This is the first post for our new lab blog. Our goal is to share our different perspectives and experiences as we conduct research.
I came to Etosha National Park, Namibia, for a research visit in the summer of 2017. The plan was to carry on some long-term research sampling, finish writing a grant proposal that spilled over into my research time (argh), get two Ph.D. students up and running in the field and lab, and as ever, collect that enticing, nay, transformative, “preliminary data” to snag me some grant funding. I’ll say we succeeded with the first two, and as for the latter two, that remains to be seen!
Here is my Ph.D. student, Yen-Hua, in my lab at UAlbany, marveling at the mountains of supplies for our trip to Namibia. I think it took him two days to open all the plastic cases holding these motion sensing cameras.
Were we going to fit all of that in our luggage? I hoped so. Did we? Nope. I knew better, but still made the mistake of trusting a bunch of our cameras to international express shipping, where they’ve been wasting away for the last month, stuck in customs in Namibia. I just got an invoice to release them this week, requesting that I pay what amounts to 72% of the value of the shipment. I sent back a fiery email suggesting they recalculate their charges or they could turn around and ship them back to the US. Somehow I’m still waiting for a response…

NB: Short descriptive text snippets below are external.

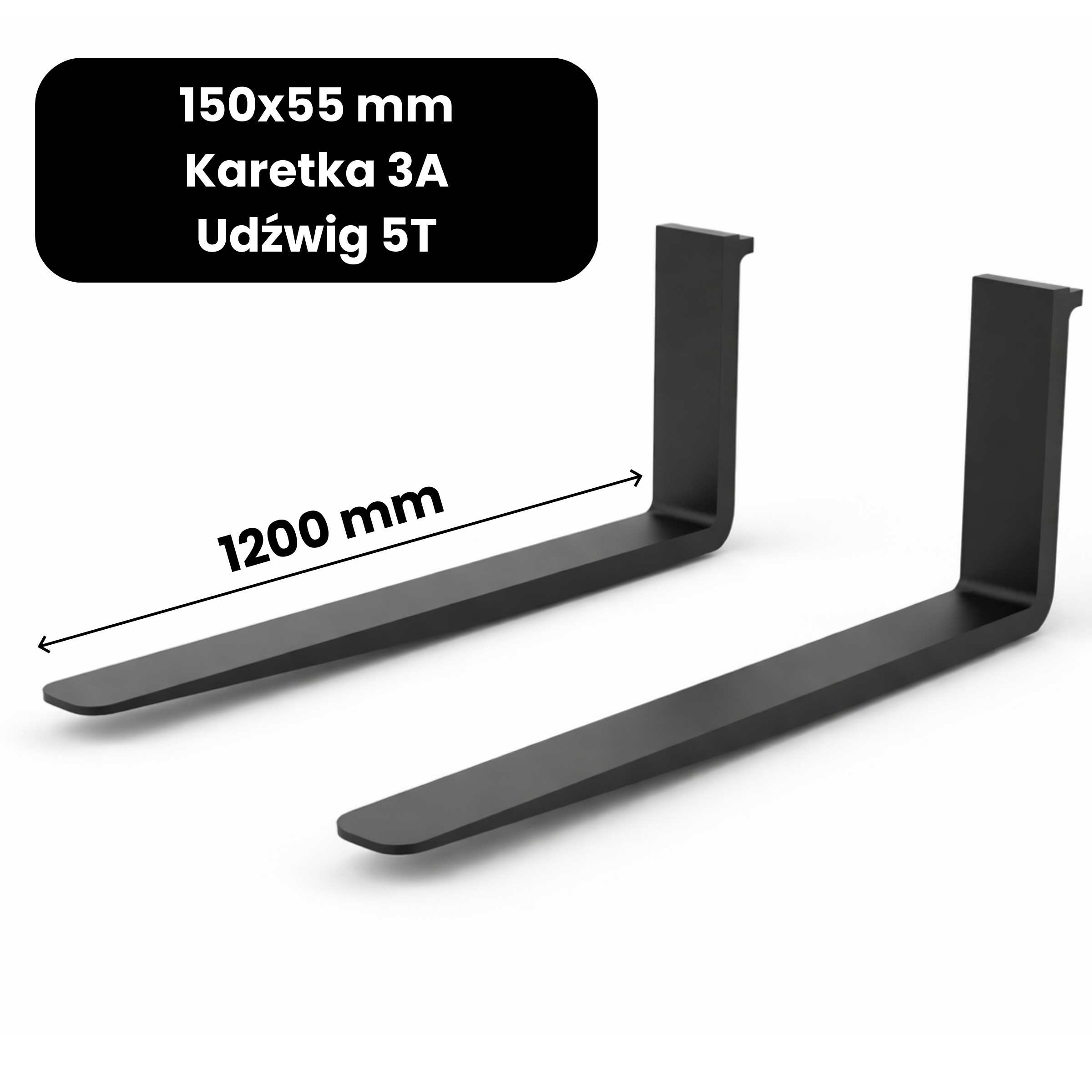 Kompletne widły długość 1200mm klasa karetki 3A udźwig  5T 150x55 mm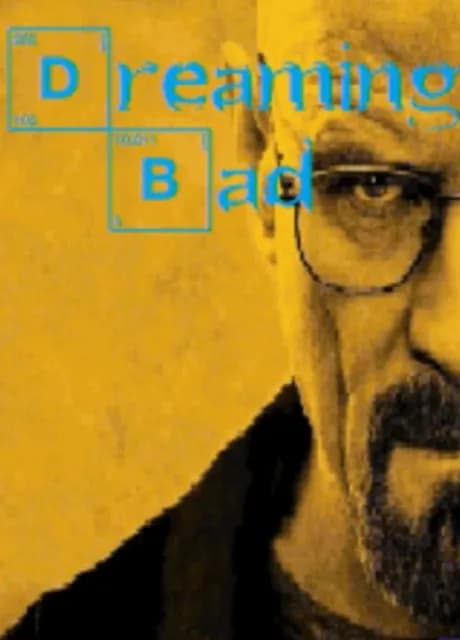Dreaming Bad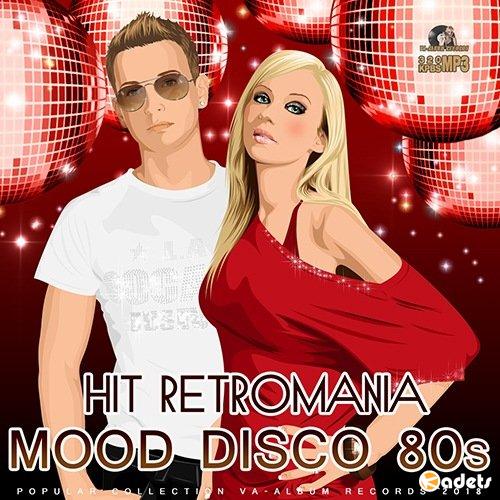 Hit Retromania: Mood Disco 80s (2018) Mp3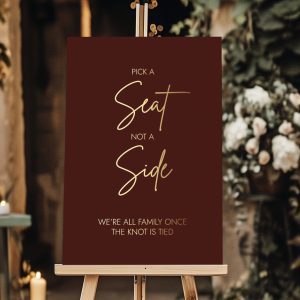 pick a seat not a side burgundy sign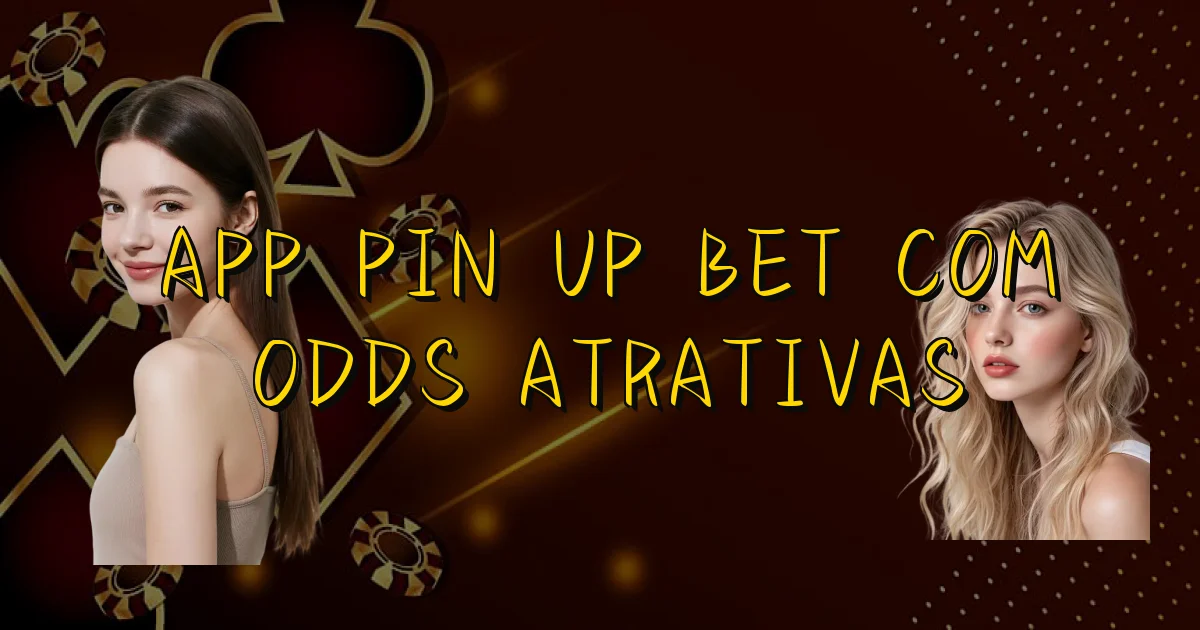 App Pin Up Bet Com Odds Atrativas Oficial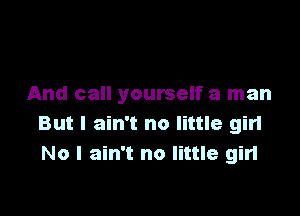 And call yourself a man

But I ain't no little gin
No I ain't no little girl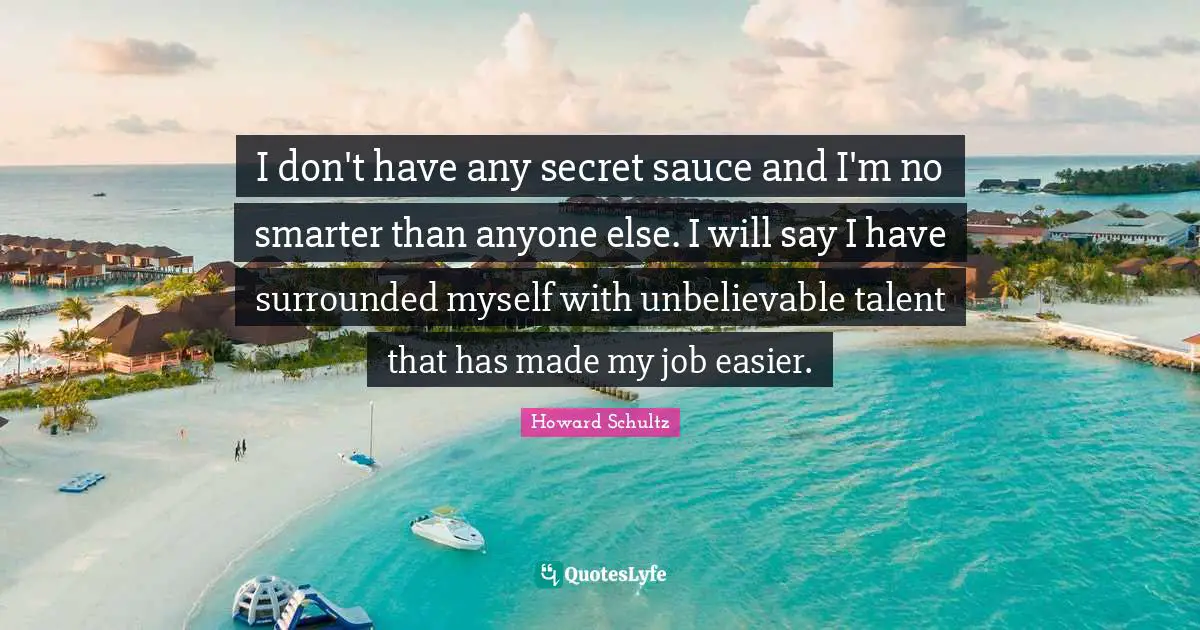 I don't have any secret sauce and I'm no smarter than anyone else. I will say I have surrounded myself with unbelievable talent that has made my job easier.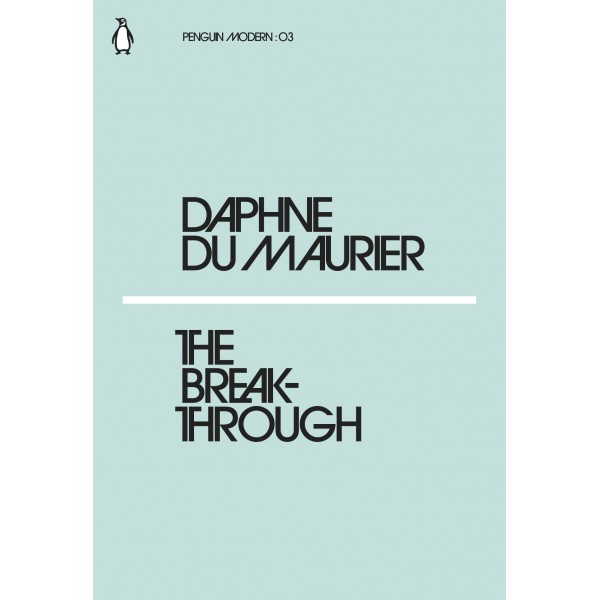 The Breakthrough, Daphne Du Maurier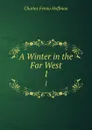 A Winter in the Far West. 1 - Charles Fenno Hoffman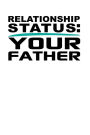 Relationship Status: Your Father: White, Green & Black Design, Blank College Ruled Line Paper Journal Notebook for Ladies and Guys. (Valentines and Sweetest Day 6 x 9 inch Composition Book: Journal Diary For Writing and Notes)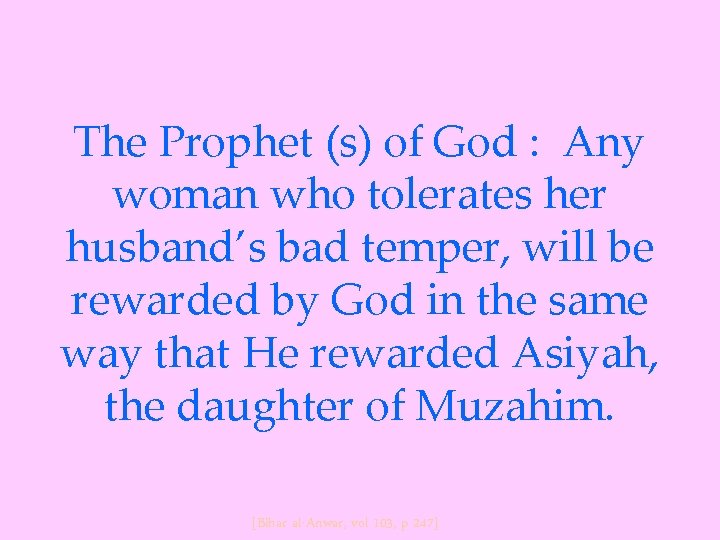 The Prophet (s) of God : Any woman who tolerates her husband’s bad temper,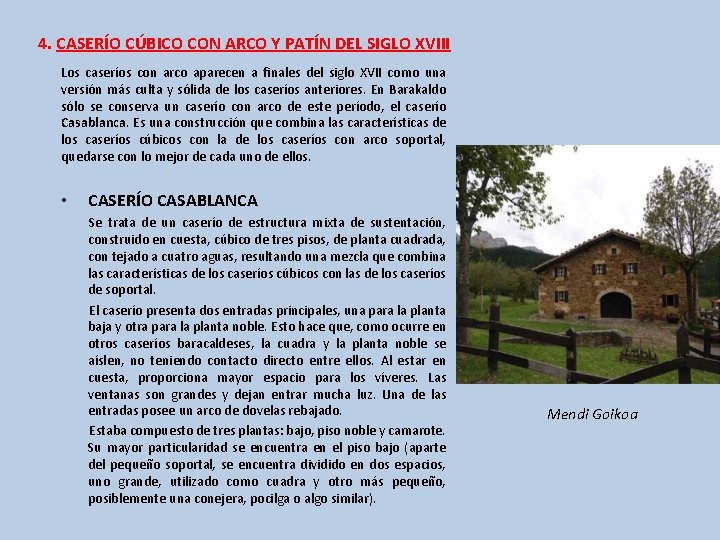 4. CASERÍO CÚBICO CON ARCO Y PATÍN DEL SIGLO XVIII Los caseríos con arco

Between proposal writing and the work-life “balance” (ha ha), my research productivity took a real hit this trip. My husband and I were blinded by our love of Namibia and some romantic notion of the idyllic time we’d spend here with our two kids, so the whole family came for five weeks. We anticipated watching wildlife with our clean, well-behaved, inquisitive children, faces aglow in the African sunset, begging for more facts about the animals we observed together. Immediately after we bought the tickets we had our doubts, but stubbornly stuck to the plan. Here I am at JFK with my girls, at the start of a long and sleepless journey, loaded with research supplies, kid supplies, and a few things for myself.
There were some lovely moments, but also many times we both thought this trip was a huge mistake. I’ll just say I don’t think we’ll try to bring the whole family again for at least another 3-5 years. Here I am sitting on a dirt road poaching my neighbor’s wifi to upload the final files for my grant proposal and trying, unsuccessfully, to keep my daughter from chewing rocks. Because, of course, the one day you really need the internet in office is the day it’s not functioning.